The answer should be every line below, repeated exactly, with the images left out.
-- GIVEN ENTRIES follows --
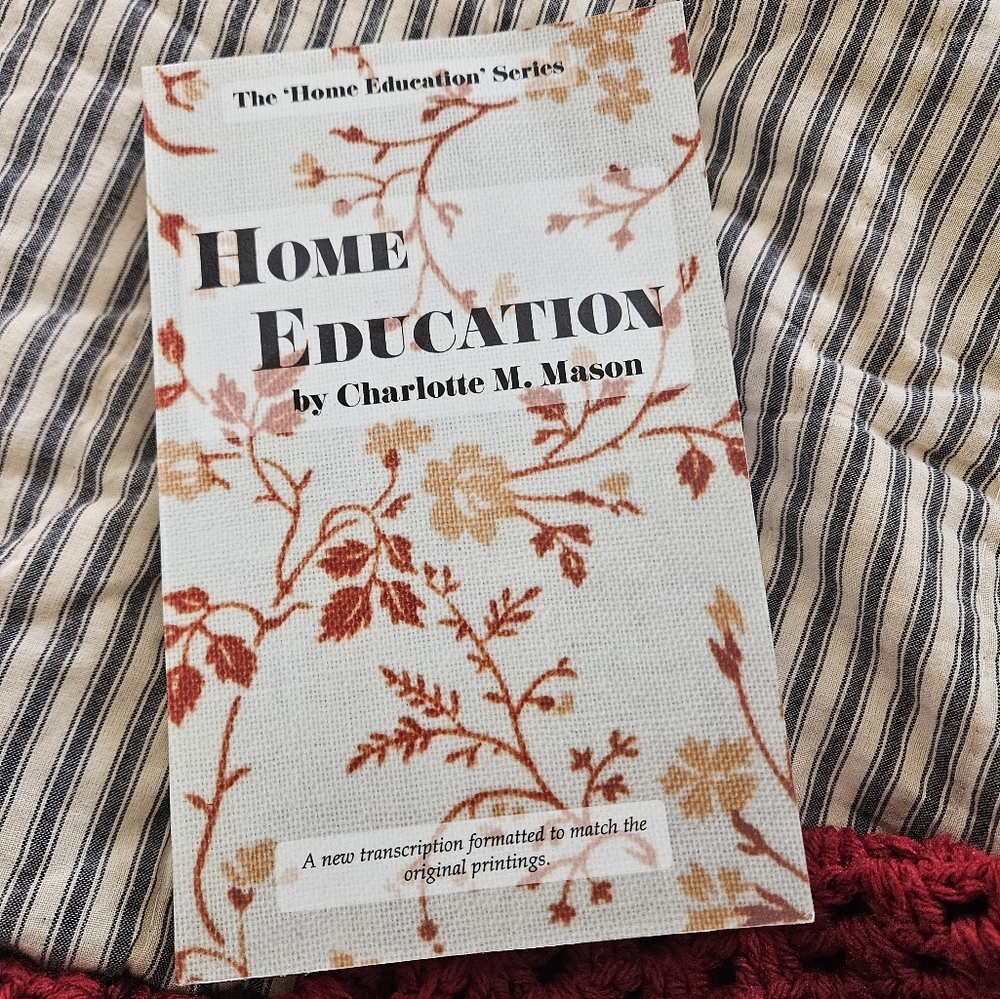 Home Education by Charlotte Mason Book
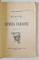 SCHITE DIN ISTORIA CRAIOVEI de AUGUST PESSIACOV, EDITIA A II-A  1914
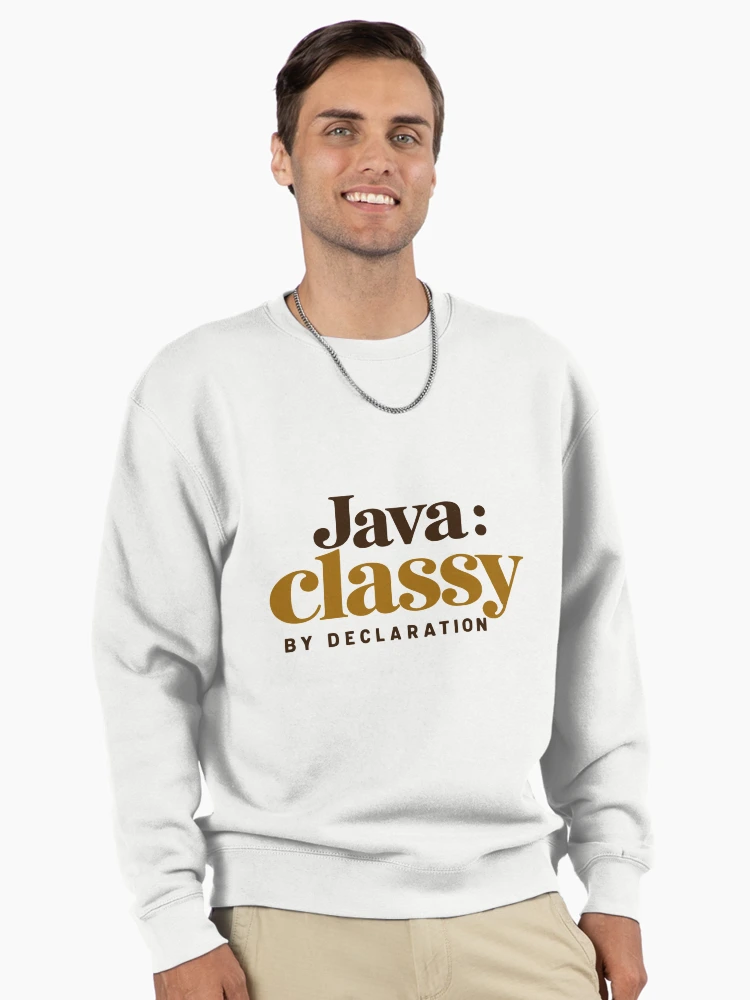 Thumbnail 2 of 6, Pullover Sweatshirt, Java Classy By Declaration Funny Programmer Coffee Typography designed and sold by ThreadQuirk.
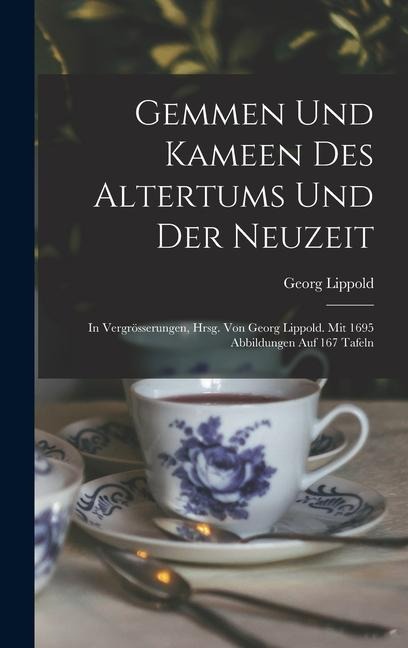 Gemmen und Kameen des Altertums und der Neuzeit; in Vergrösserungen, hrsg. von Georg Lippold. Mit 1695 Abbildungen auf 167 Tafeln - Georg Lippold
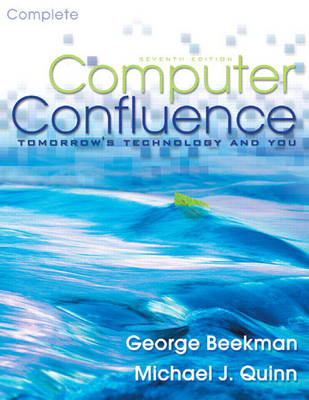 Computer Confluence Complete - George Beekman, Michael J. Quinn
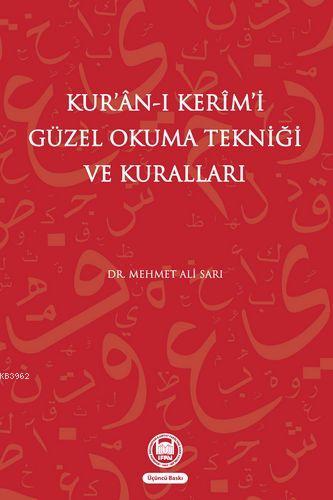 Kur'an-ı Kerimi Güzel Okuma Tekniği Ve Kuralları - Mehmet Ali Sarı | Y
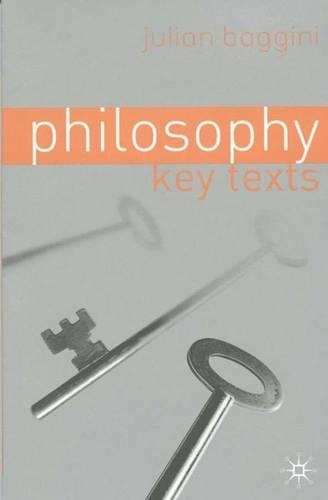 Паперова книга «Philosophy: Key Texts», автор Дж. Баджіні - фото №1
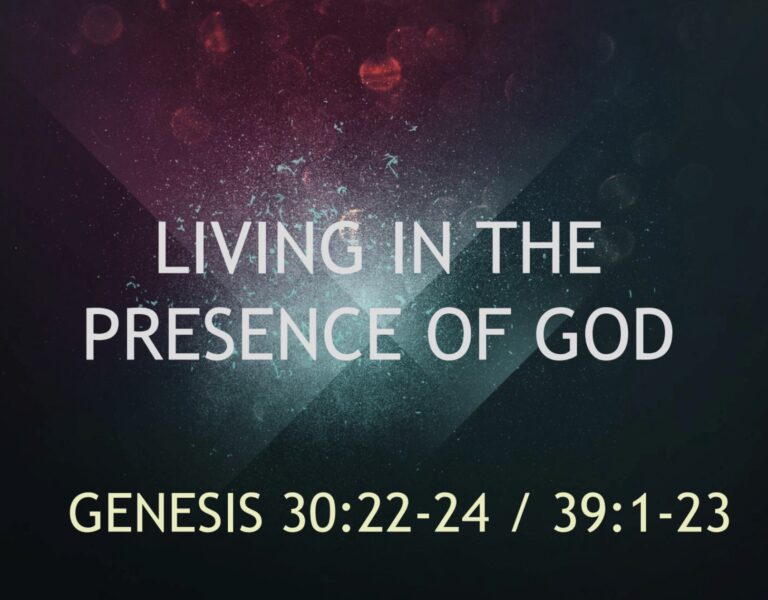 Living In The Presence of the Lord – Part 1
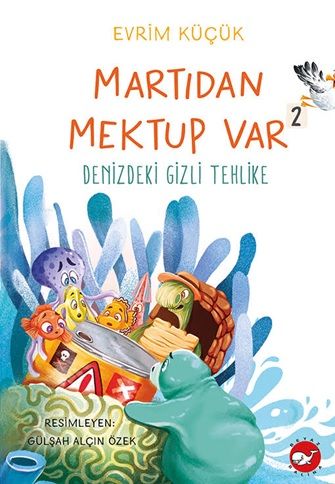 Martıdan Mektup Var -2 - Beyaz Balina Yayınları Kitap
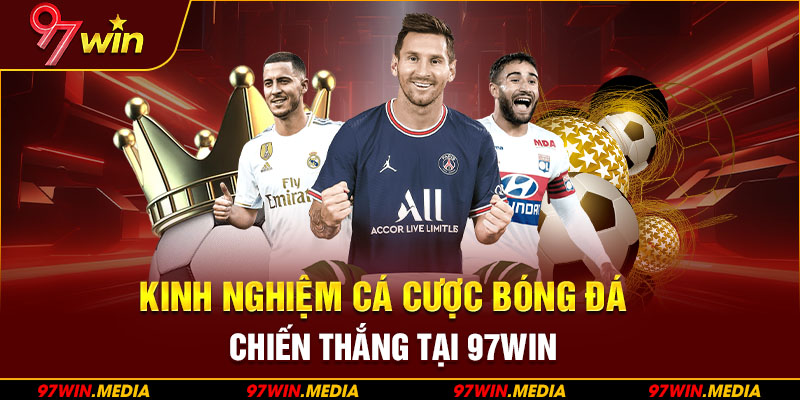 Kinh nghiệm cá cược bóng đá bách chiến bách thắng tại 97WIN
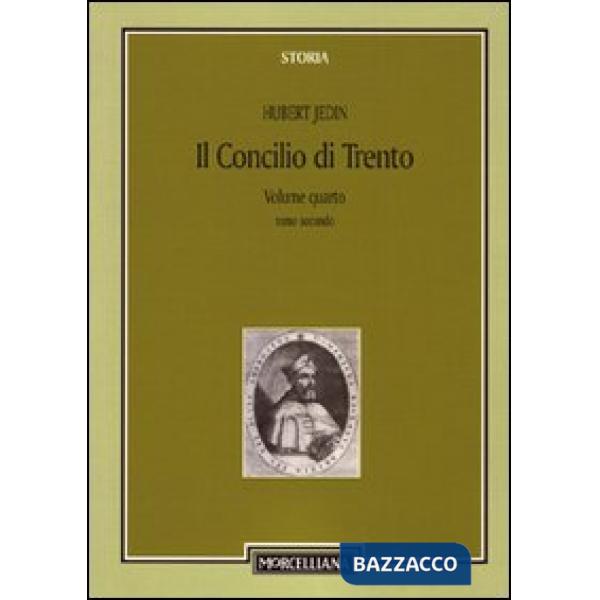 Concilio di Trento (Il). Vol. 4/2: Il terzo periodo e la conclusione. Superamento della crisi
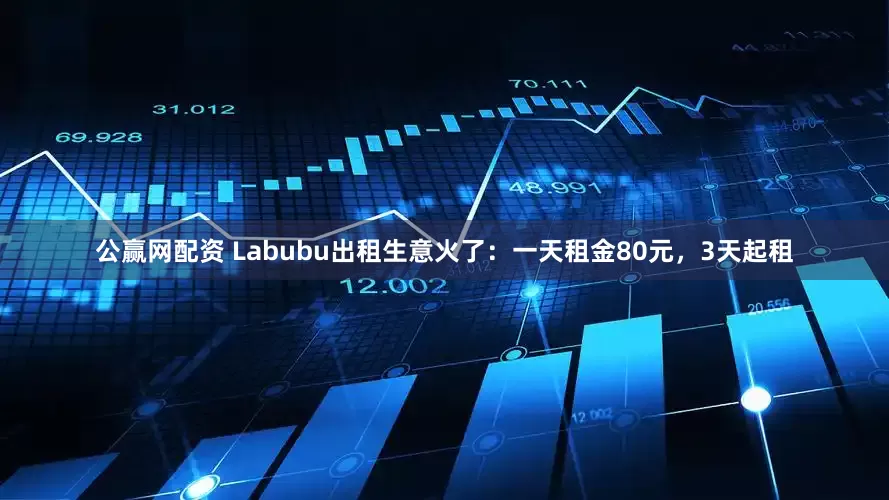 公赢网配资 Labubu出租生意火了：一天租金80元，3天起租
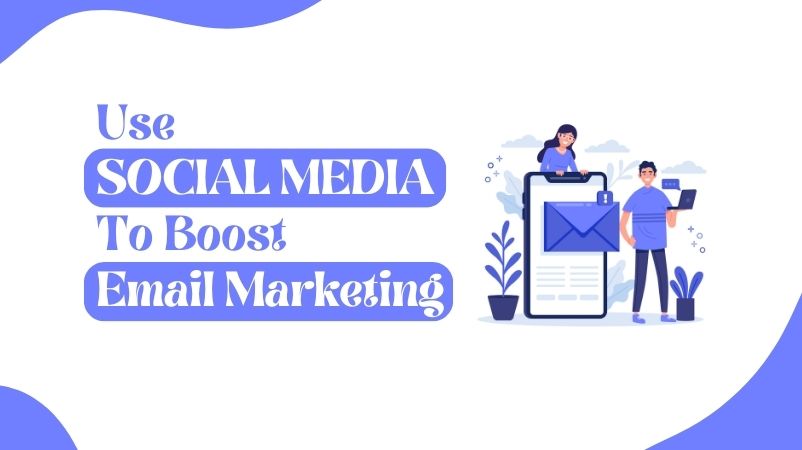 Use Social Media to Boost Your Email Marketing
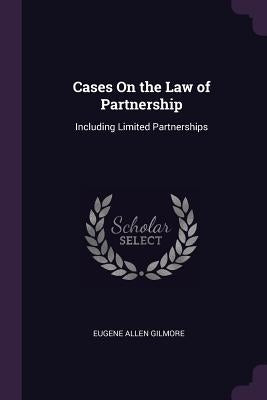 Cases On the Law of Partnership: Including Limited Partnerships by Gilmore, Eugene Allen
-- GIVEN ENTRIES concluded --
**ANSWER BOX**
 Home Education by Charlotte Mason Book
 SCHITE DIN ISTORIA CRAIOVEI de AUGUST PESSIACOV, EDITIA A II-A  1914
 Thumbnail 2 of 6, Pullover Sweatshirt, Java Classy By Declaration Funny Programmer Coffee Typography designed and sold by ThreadQuirk.
 Gemmen und Kameen des Altertums und der Neuzeit; in Vergrösserungen, hrsg. von Georg Lippold. Mit 1695 Abbildungen auf 167 Tafeln - Georg Lippold
 Computer Confluence Complete - George Beekman, Michael J. Quinn
 Kur'an-ı Kerimi Güzel Okuma Tekniği Ve Kuralları - Mehmet Ali Sarı | Y
 Паперова книга «Philosophy: Key Texts», автор Дж. Баджіні - фото №1
 Living In The Presence of the Lord – Part 1
 Martıdan Mektup Var -2 - Beyaz Balina Yayınları Kitap
 Kinh nghiệm cá cược bóng đá bách chiến bách thắng tại 97WIN
 Concilio di Trento (Il). Vol. 4/2: Il terzo periodo e la conclusione. Superamento della crisi
 公赢网配资 Labubu出租生意火了：一天租金80元，3天起租
 Use Social Media to Boost Your Email Marketing
 Cases On the Law of Partnership: Including Limited Partnerships by Gilmore, Eugene Allen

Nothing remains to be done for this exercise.